Entries shown:
>>>

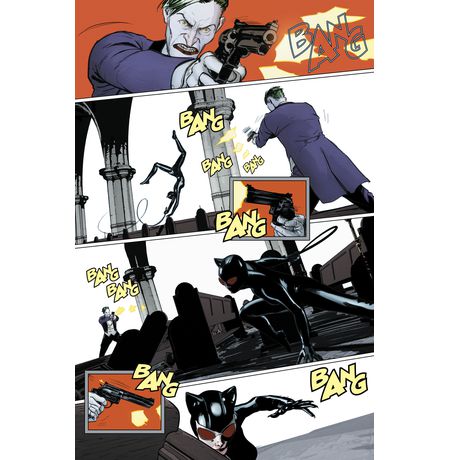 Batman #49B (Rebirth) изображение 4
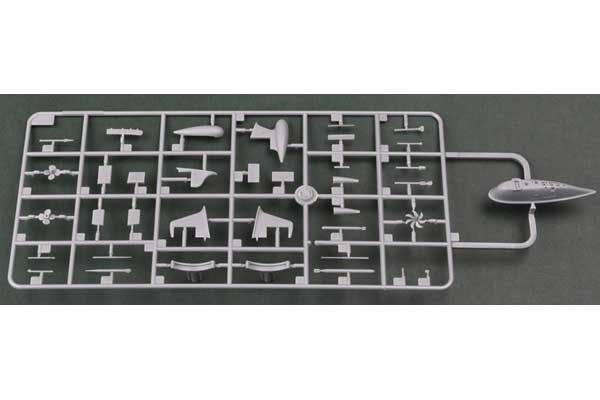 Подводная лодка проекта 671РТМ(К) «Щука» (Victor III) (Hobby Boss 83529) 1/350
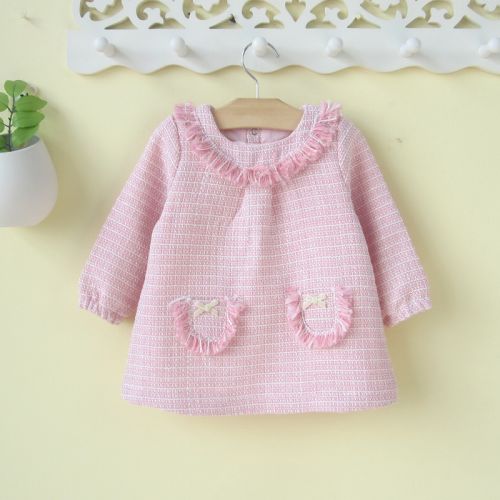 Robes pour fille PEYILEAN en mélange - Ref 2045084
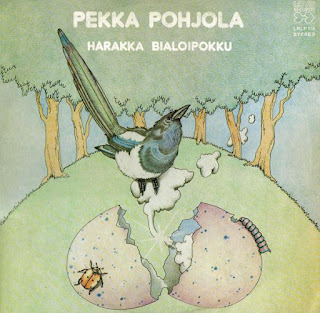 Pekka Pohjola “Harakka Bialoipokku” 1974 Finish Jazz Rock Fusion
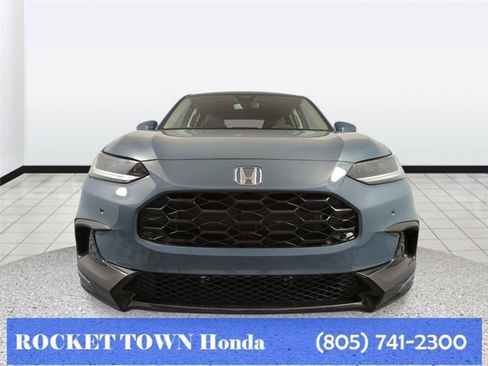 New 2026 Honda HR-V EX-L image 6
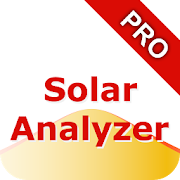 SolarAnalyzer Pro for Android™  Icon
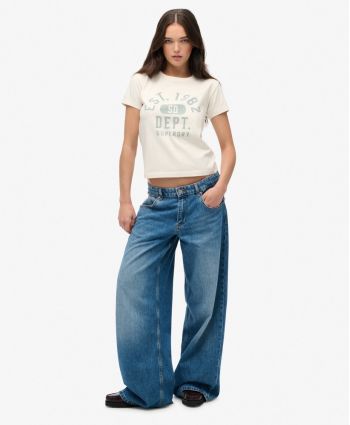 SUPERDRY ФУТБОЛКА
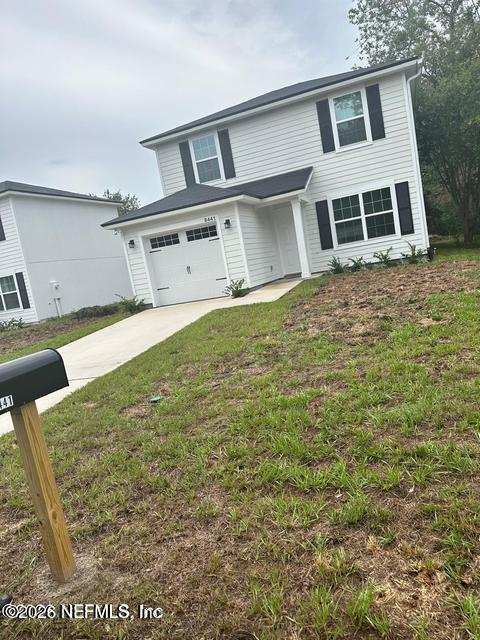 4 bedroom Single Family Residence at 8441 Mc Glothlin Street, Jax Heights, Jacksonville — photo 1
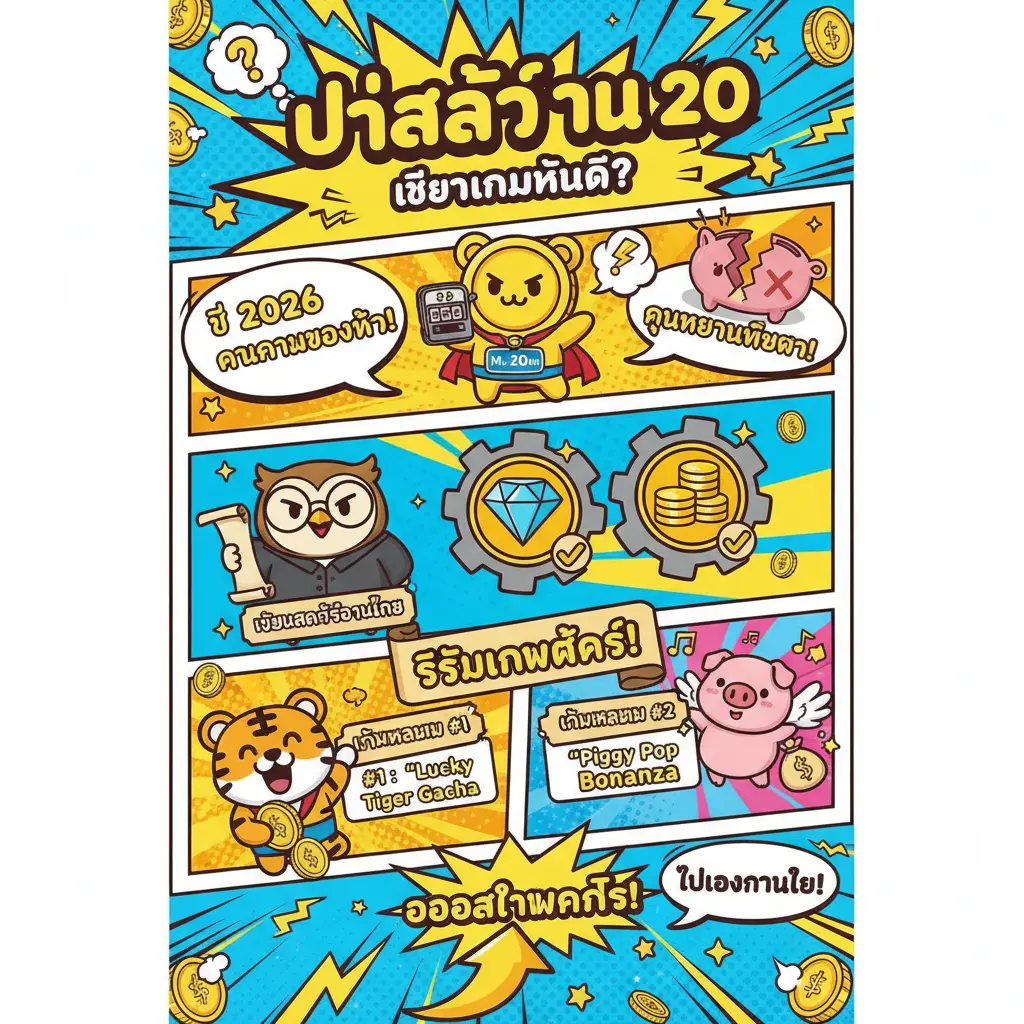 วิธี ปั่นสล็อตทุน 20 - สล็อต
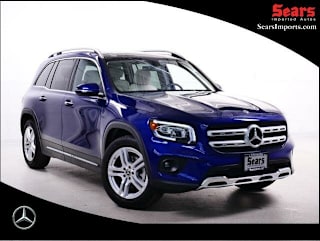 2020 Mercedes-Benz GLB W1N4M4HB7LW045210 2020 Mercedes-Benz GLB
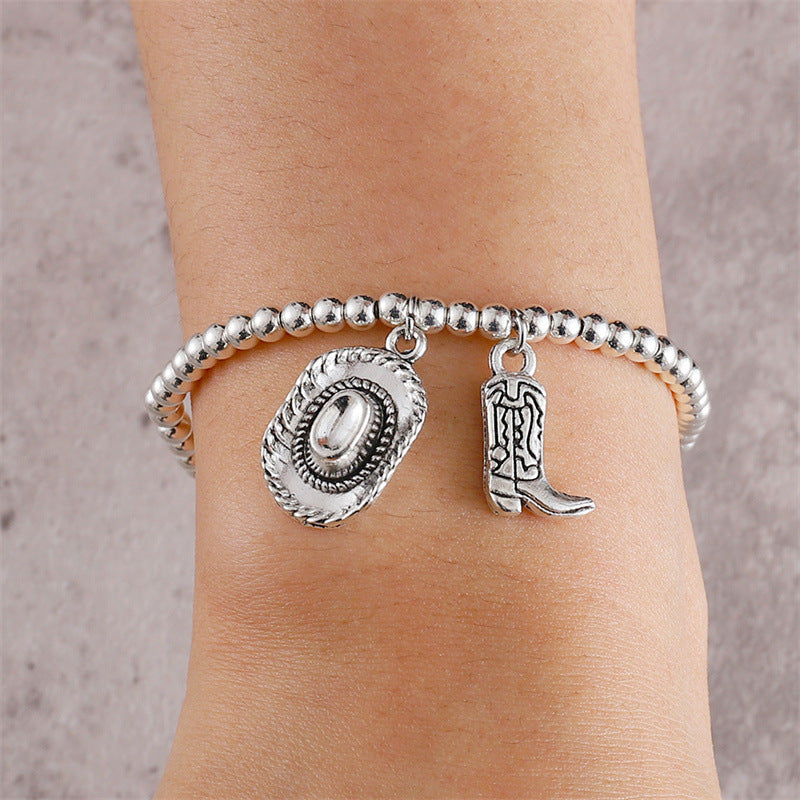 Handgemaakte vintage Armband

<<<
>>>

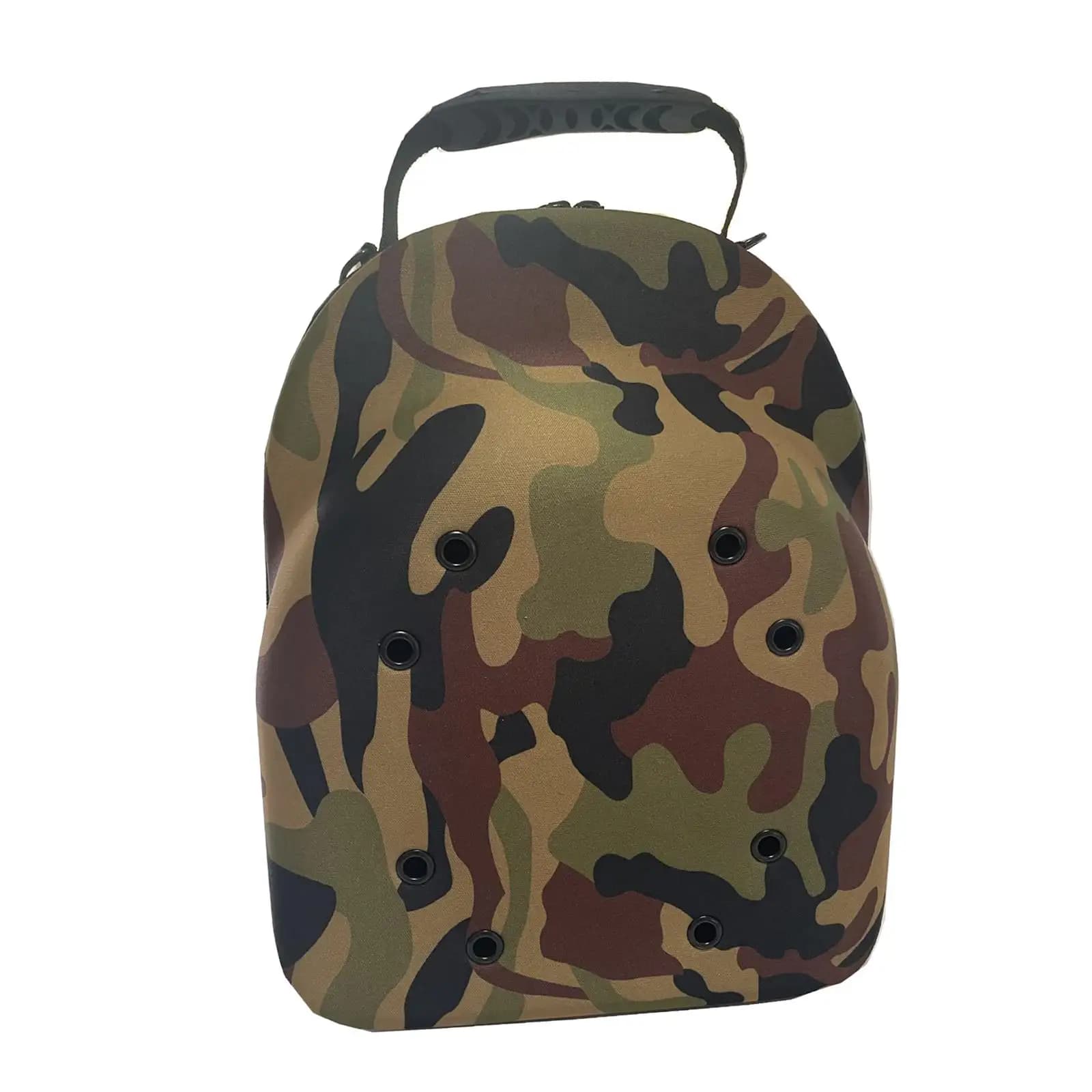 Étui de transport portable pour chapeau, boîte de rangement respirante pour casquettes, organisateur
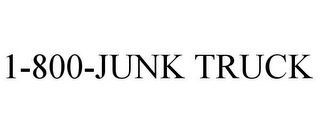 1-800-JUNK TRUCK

<<<

Problem: Leave out the images and write out the lines above exactly, from the one with "New 2026 Honda HR-V EX-L image 6" up to and including the one with "Handgemaakte vintage Armband".

Response to this task:
 New 2026 Honda HR-V EX-L image 6
 SolarAnalyzer Pro for Android™  Icon
 SUPERDRY ФУТБОЛКА
 4 bedroom Single Family Residence at 8441 Mc Glothlin Street, Jax Heights, Jacksonville — photo 1
 วิธี ปั่นสล็อตทุน 20 - สล็อต
 2020 Mercedes-Benz GLB W1N4M4HB7LW045210 2020 Mercedes-Benz GLB
 Handgemaakte vintage Armband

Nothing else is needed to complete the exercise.